[[ Given records, beginning ]]

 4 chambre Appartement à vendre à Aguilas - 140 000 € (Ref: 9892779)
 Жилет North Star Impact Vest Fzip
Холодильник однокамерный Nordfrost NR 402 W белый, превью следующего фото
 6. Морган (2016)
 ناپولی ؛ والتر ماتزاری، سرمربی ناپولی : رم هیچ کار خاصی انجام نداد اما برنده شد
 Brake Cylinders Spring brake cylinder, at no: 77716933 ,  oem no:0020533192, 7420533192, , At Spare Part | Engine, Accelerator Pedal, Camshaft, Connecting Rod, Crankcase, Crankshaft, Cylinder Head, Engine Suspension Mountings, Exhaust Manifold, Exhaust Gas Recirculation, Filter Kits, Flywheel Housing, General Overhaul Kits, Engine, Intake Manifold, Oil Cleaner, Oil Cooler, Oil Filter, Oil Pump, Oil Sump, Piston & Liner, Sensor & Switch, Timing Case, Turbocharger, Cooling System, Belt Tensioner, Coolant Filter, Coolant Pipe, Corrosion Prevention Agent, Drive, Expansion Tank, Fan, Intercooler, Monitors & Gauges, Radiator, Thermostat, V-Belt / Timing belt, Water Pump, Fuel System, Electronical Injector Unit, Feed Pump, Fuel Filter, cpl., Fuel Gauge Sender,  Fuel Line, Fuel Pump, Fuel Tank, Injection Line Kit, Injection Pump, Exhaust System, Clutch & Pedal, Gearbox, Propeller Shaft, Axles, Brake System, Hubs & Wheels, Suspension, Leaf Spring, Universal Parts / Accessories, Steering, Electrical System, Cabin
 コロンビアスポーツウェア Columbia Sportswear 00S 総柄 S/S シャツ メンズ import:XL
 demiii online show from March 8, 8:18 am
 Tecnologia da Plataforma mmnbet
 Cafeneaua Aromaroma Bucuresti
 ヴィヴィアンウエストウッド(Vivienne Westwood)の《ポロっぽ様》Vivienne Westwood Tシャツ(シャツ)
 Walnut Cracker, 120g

[[ Given records, end ]]
[[ Given records, beginning ]]

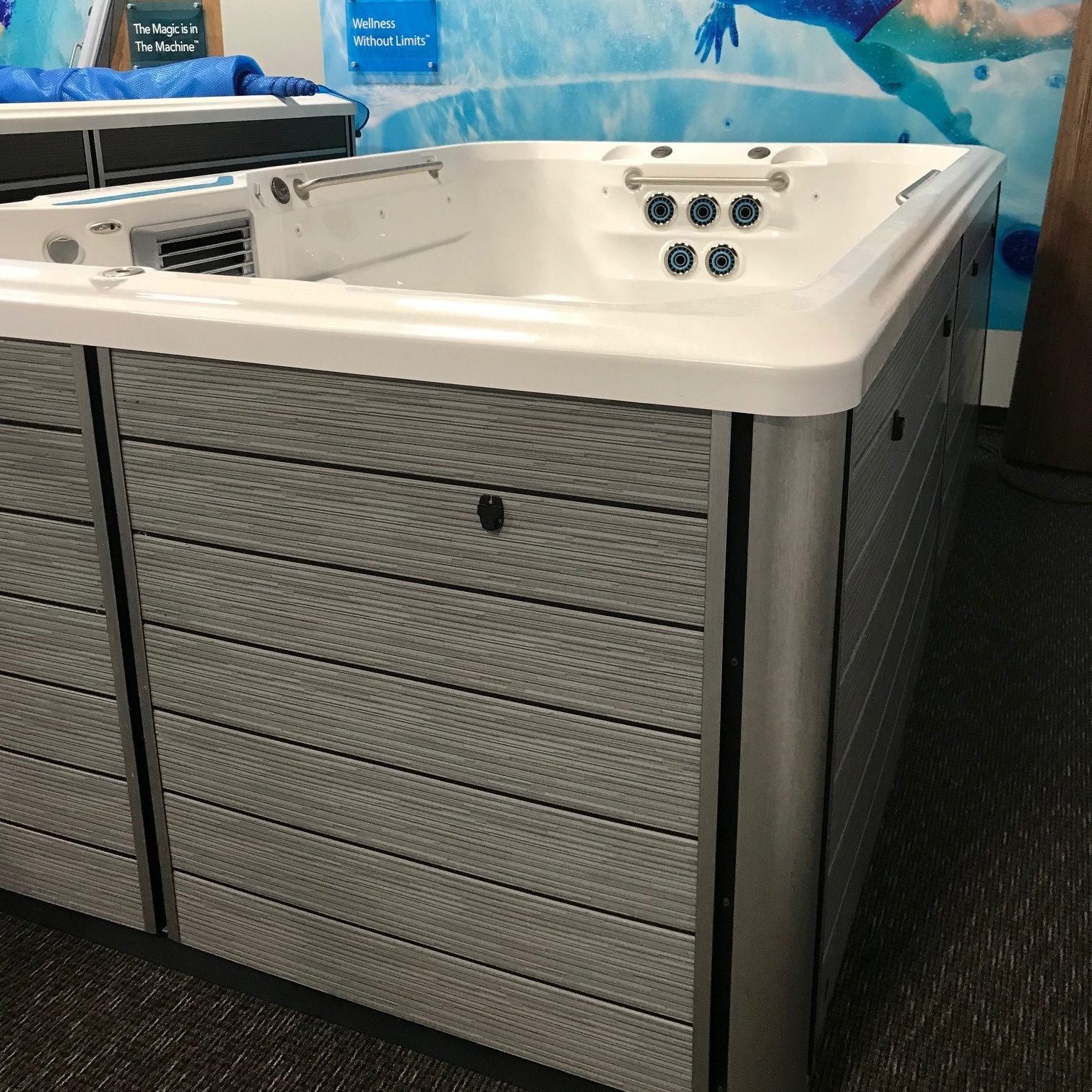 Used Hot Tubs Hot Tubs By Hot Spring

[[ Given records, end ]]
[[ Given records, beginning ]]

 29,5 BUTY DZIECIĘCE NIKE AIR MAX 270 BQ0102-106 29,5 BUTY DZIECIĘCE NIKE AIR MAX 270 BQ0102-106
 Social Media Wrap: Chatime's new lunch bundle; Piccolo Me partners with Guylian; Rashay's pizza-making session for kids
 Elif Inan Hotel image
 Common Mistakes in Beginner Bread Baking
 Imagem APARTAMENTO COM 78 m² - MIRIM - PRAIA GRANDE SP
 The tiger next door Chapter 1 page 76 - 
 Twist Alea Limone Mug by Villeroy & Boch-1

[[ Given records, end ]]

**Aim of the exercise**. Transcribe the records above from the line holding "Жилет North Star Impact Vest Fzip" down to the line holding "ناپولی ؛ والتر", inclusive, without adding anything.

**Answer box**.
 Жилет North Star Impact Vest Fzip
Холодильник однокамерный Nordfrost NR 402 W белый, превью следующего фото
 6. Морган (2016)
 ناپولی ؛ والتر ماتزاری، سرمربی ناپولی : رم هیچ کار خاصی انجام نداد اما برنده شد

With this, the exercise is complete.